Task goal = A verbatim copy is needed of the lines below from the one containing "Wanderlust Perth Womens" up to and including the one containing "Homepage of Flender Corporation", excluding pictures.

Start of Information provided

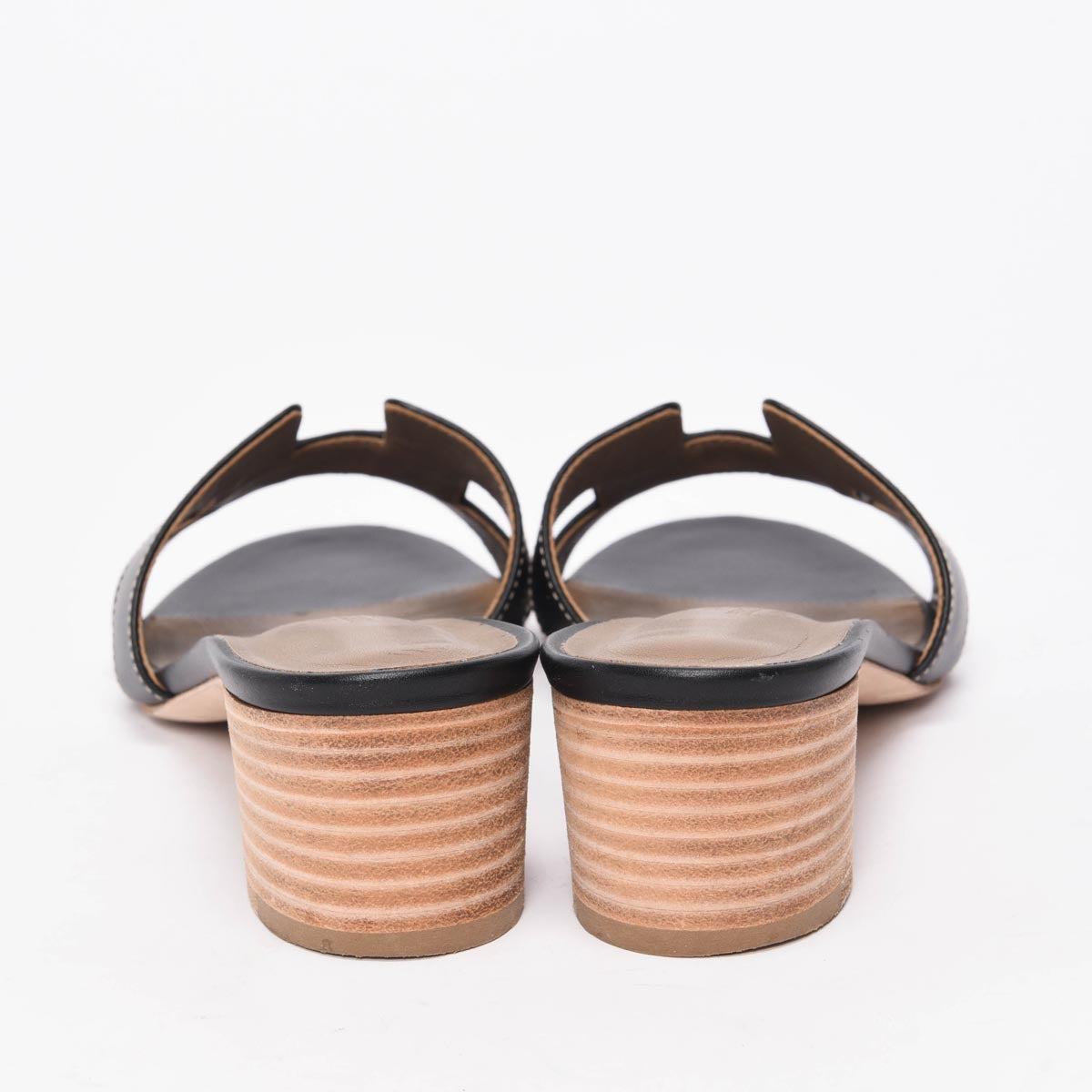 Hermes Black Calfskin Oasis Sandals 37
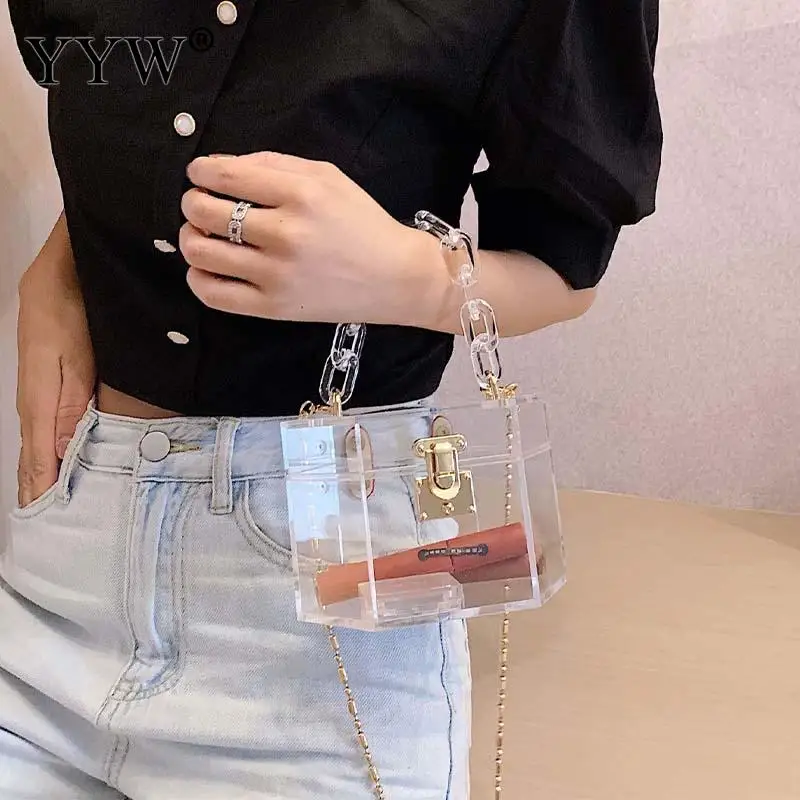 Fashion Fluorescent Clear Square Acrylic Top Women Clutch Handbag Box Designer Brand Metal Chain Crossbody Shoulder Satchels Bag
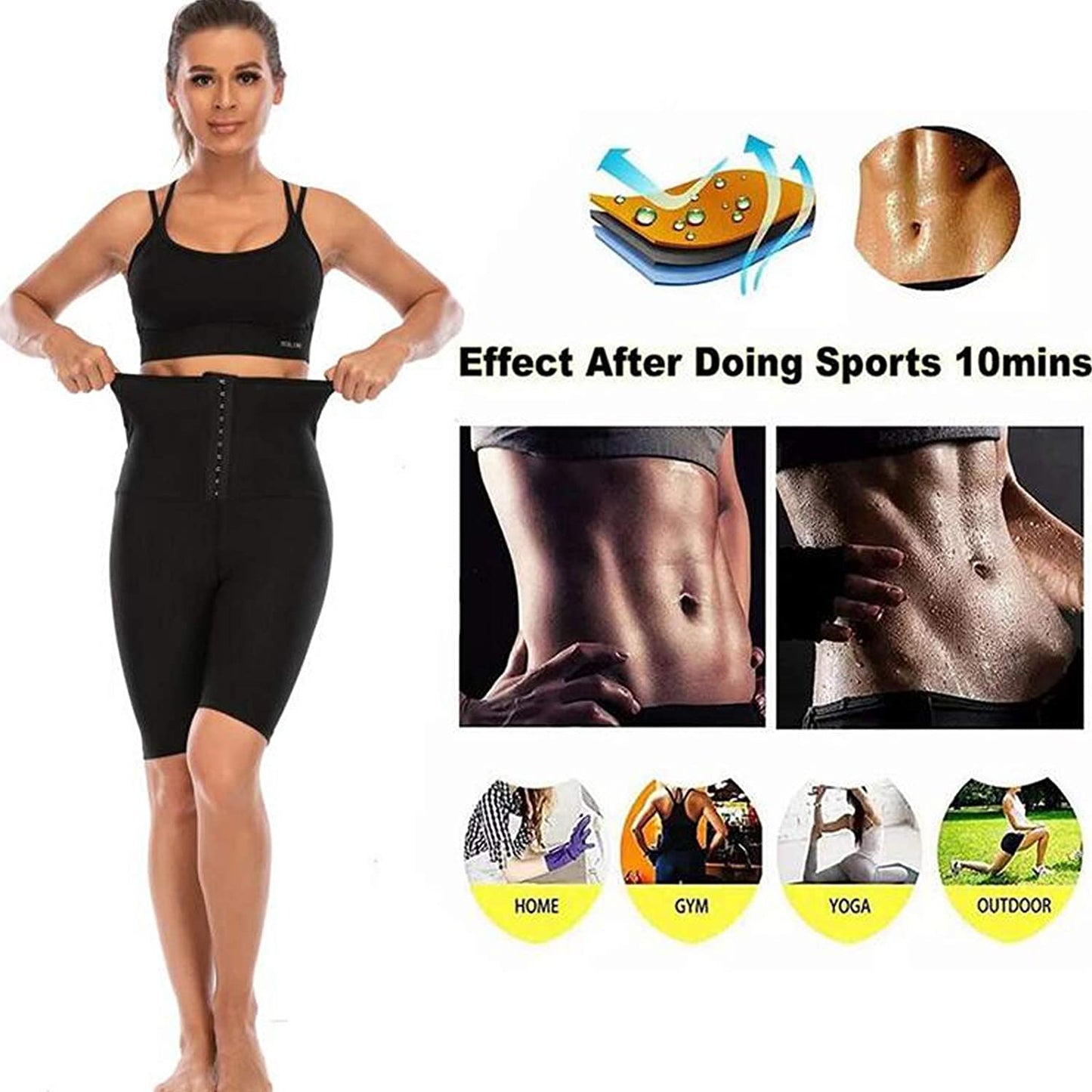 High Waist Heat Trap Sauna Sports Pants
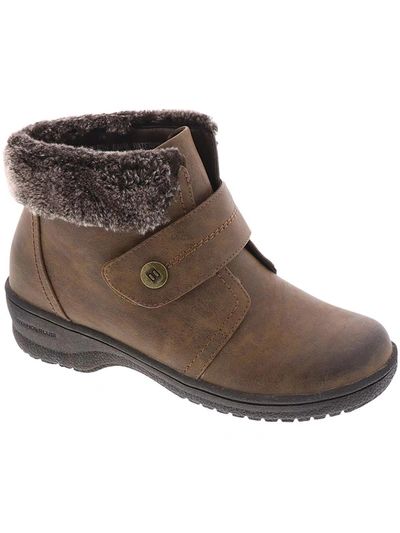 Wanderlust Perth Womens Faux Leather Faux Fur Lined Ankle Boots In Multi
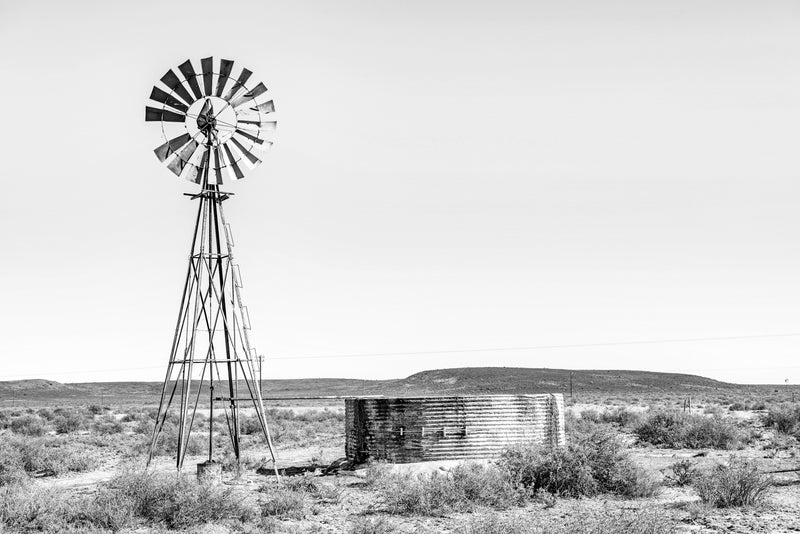 Karoo Landscape with a Windmill  -  [Custom printed at R560/m²]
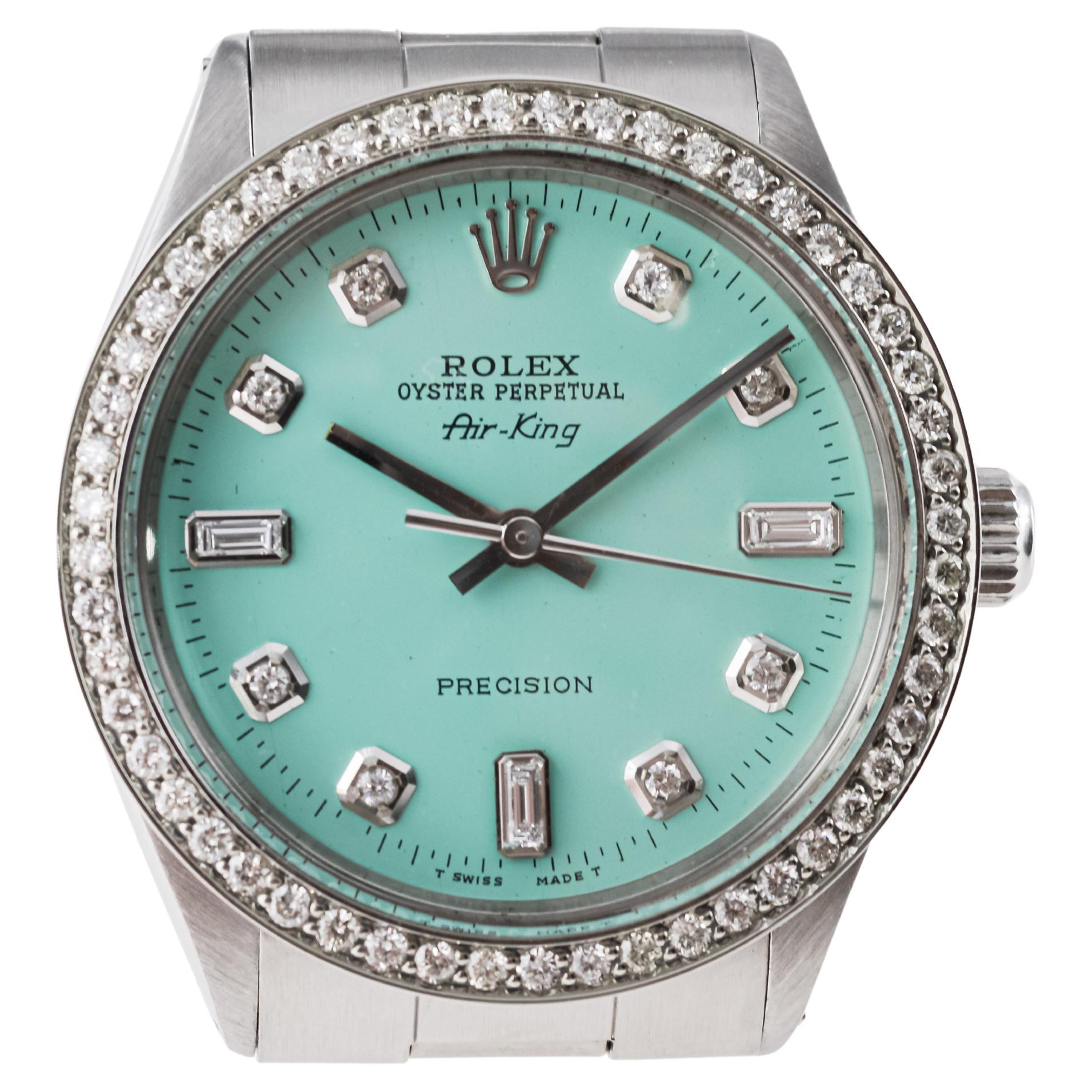 Rolex Air King avec cadran bleu personnalisé et lunette en diamant, années 1970 5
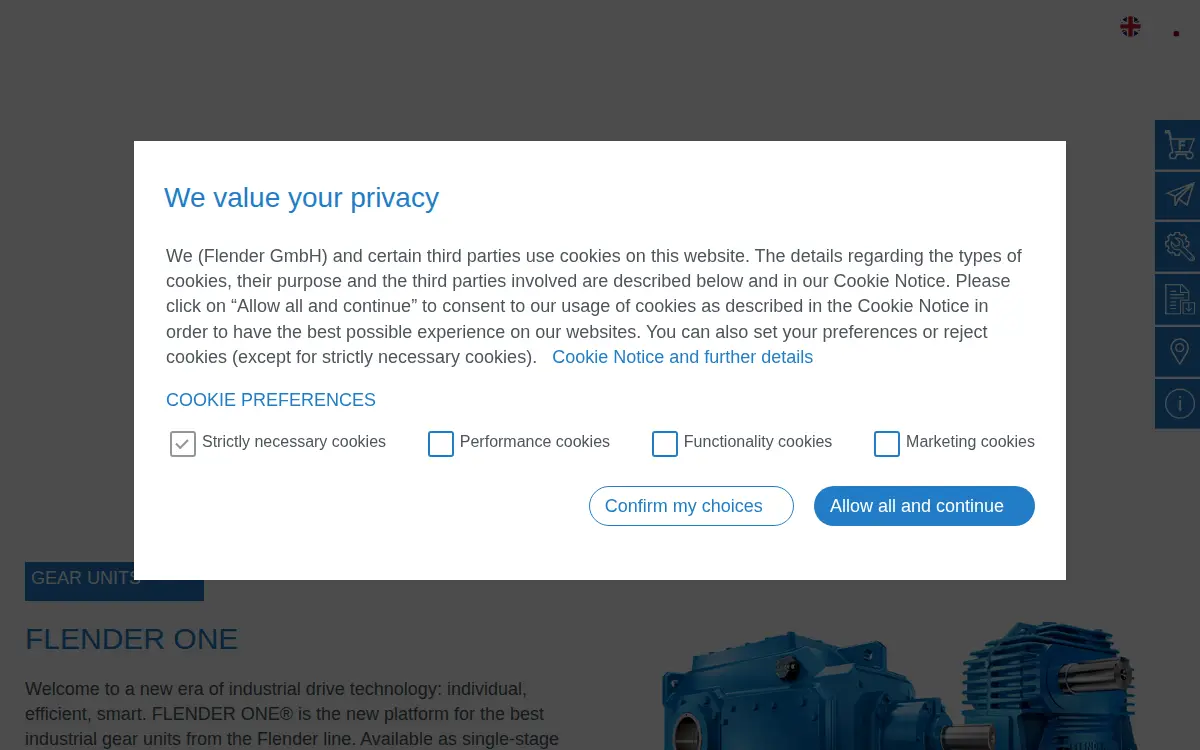 Homepage of Flender Corporation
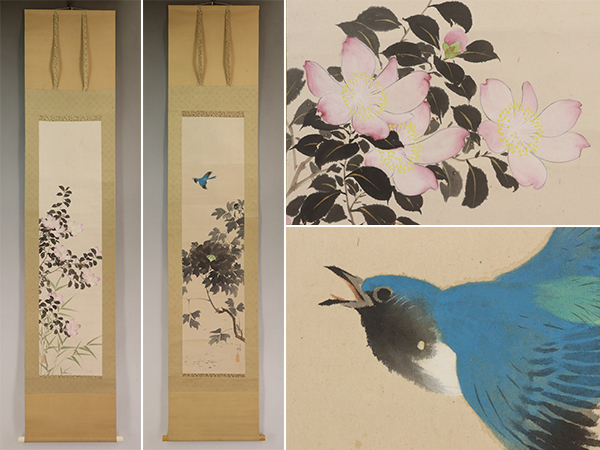 [Authentic work] Tsukasa Miyata [Double width, Peony mountain tea flower and small birds] ◆ Silk book ◆ Same box ◆ Hanging scroll v09117, painting, Japanese painting, flowers and birds, birds and beasts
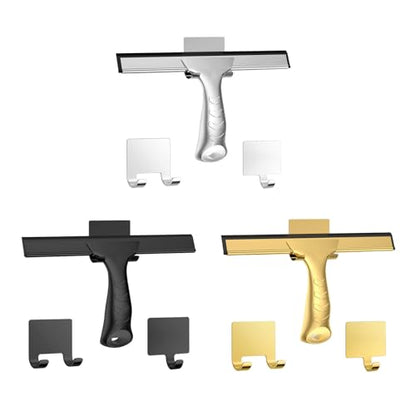 Shower Squeegee Stainless Steel Glass Window Squeegees for Bathroom Door Car Glass with Hook Wiper Cleaner Household Shower Squeegee - color: C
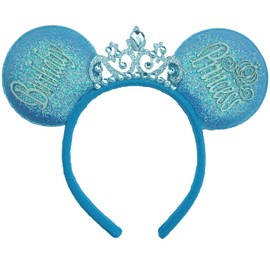 Viwind Mouse Ears Headbands for Women, Blue Princess Crown Headbands for Adult, Rhinestone Princess Costume Birthday Party Decorations Hair Accessory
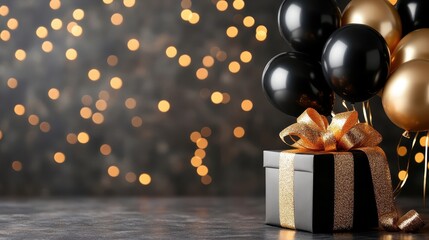 Naklejka premium A beautifully wrapped gift sits elegantly amidst an array of balloons, creating a joyful atmosphere filled with celebration and anticipation of special moments.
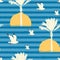 Summer seamless pattern with sun, palms and gulls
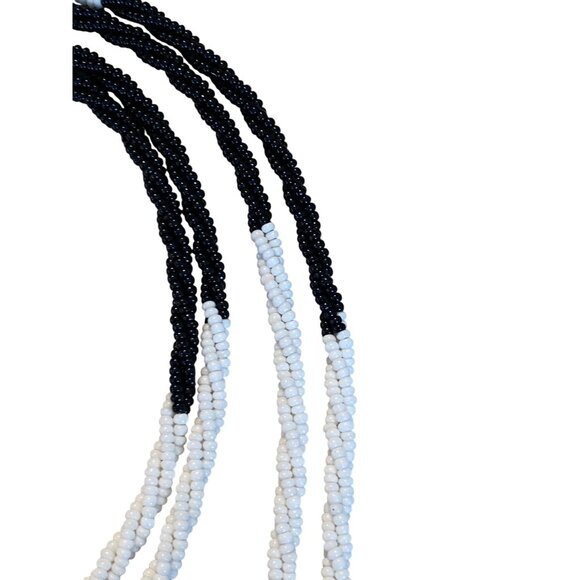 Black & White Beaded Multi-Strand Necklace With Gold-Tone Clasp - Picture 4 of 12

End of Information provided

Exercise output =
 Wanderlust Perth Womens Faux Leather Faux Fur Lined Ankle Boots In Multi
 Karoo Landscape with a Windmill  -  [Custom printed at R560/m²]
 Rolex Air King avec cadran bleu personnalisé et lunette en diamant, années 1970 5
 Homepage of Flender Corporation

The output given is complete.